Sea People - CODAworx

Sea People

Submitted by Eve Shepherd

Client: National Maritime Museum

Location: London, United Kingdom

Completion date: 2017

Artwork budget: $20,000

Project Team

Client

National Maritime Museum

Overview

The brief was to produce 3 busts for the National Maritime Museum's new gallery. The concept was to create inclusion through community engagement, by broadening the museums collection to include the busts to represent 3 hidden communities which are not presently featured in the museum, or within other museums in the UK or possibly worldwide. The 3 selected groups were, Mermaids UK (Trans and non-binary children, LGBT), Girl Guides (Girls and Women), AFRIL (Refugee Community). The 3 busts were then exhibited alongside the museums existing collection of marble portrait busts representing important white, wealthy, men.

Goals

The National Maritime Museum is known for its traditional, imperial, colonial collections. The aims of the 4 new galleries in which the 3 new busts are featured was to make the museum more accessible and inclusive to its present day visitors.
The Goals for this project was to give a voice to the ones who have been silenced throughout past public representation.
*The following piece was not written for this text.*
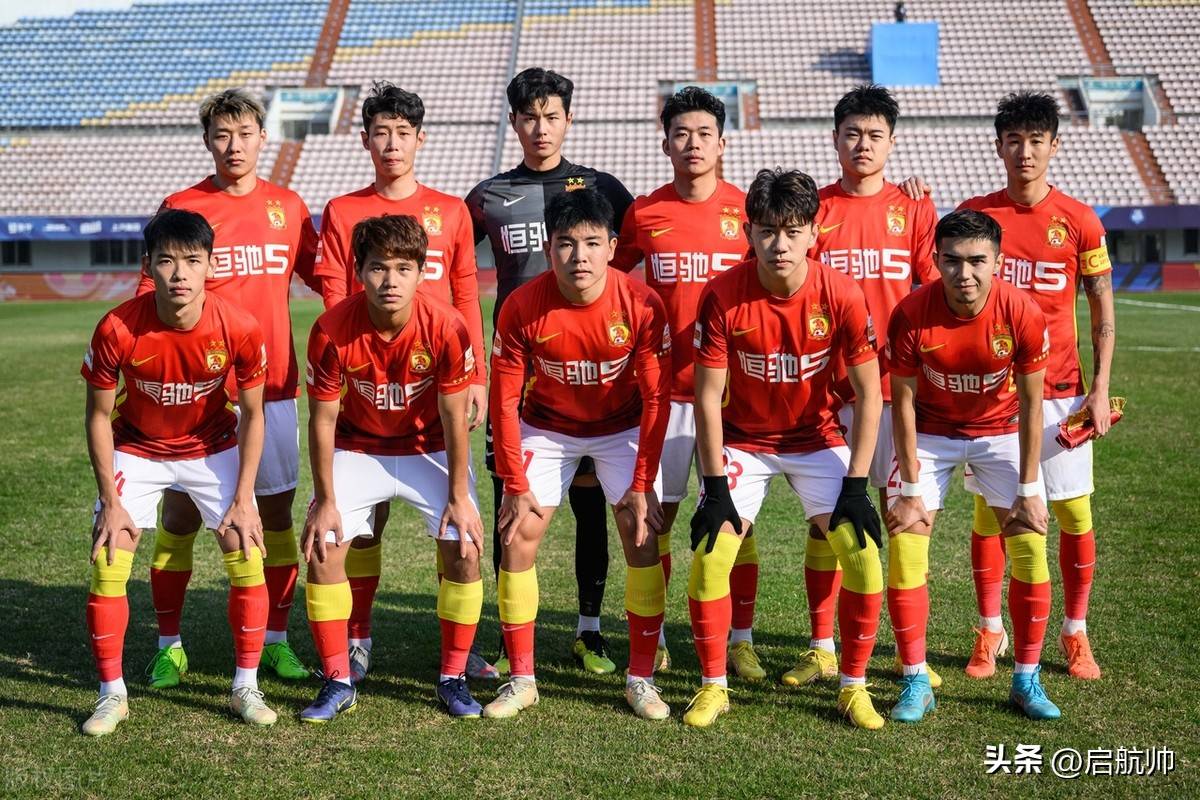 广州队训练开放日,国际比赛日主帅复盘引欢呼,法国杯在即,临场指挥获称赞 广州队训练开放日,国际比赛日主帅复盘引欢呼,法国杯在即,临场指挥获称赞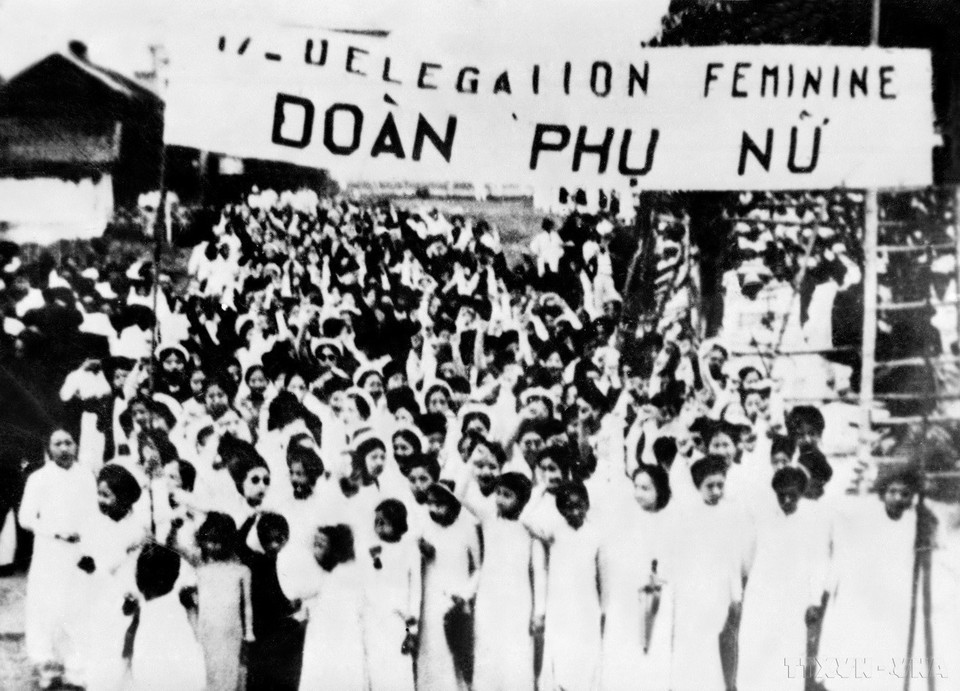 Le 7 janvier, des femmes de Hanoi participent à un rassemblement pour célébrer la Journée internationale du travail au Grand Palais de l'xposition (mai 1938) pendant le mouvement révolutionnaire exigeant les moyens de subsistance du peuple et la démocratie (1936-1939).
Amongst the voiceless was the non-white,or non-native born members of our society, the LGBT community, and of course women and girls.
Sadly there are more sculptures of dogs in the public realm than there are of women of notoriety in the UK.
The outcome was to offer a figure head of acknowledgement and hope for the communities they represent. Another aim was to highlight and attempt to brew a remedy for the imbalance within our recording of history.
Running alongside the 9 busts (3 new commissioned busts and 6 existing museum collection marble busts,) is a button automated audio conversation between the busts, explaining their personal or communities perspective/s.

Process

As the artist within this project I worked closely with the 3 selected community groups, the museum staff, the creative workshop facilitators, and the museums collection.
We held 2 workshops with each community group, in an attempt to gain an intimate perspective of how it is to belong to these communities. The idea wasn’t to offer an outsiders perspective of the communities, but to give a sensitive portrayal, to get under the skin and see life from the individuals communities eyes. The busts make the ambitious task of not representing an individual, but attempt to represent the community as a whole.
Understanding that the work must also sit along side the Museum’s existing collection, I recognised that it was important to study the Museum’s body of work as a whole, drawing inspiration from several of the collections large landscape paintings, some nautical inspired sculpture and some pottery. I also studied the architecture of the buildings in which the pieces are housed.
I relied heavily on the museum staff to inform my about their visitors, and amongst other things to organise the creative workshops.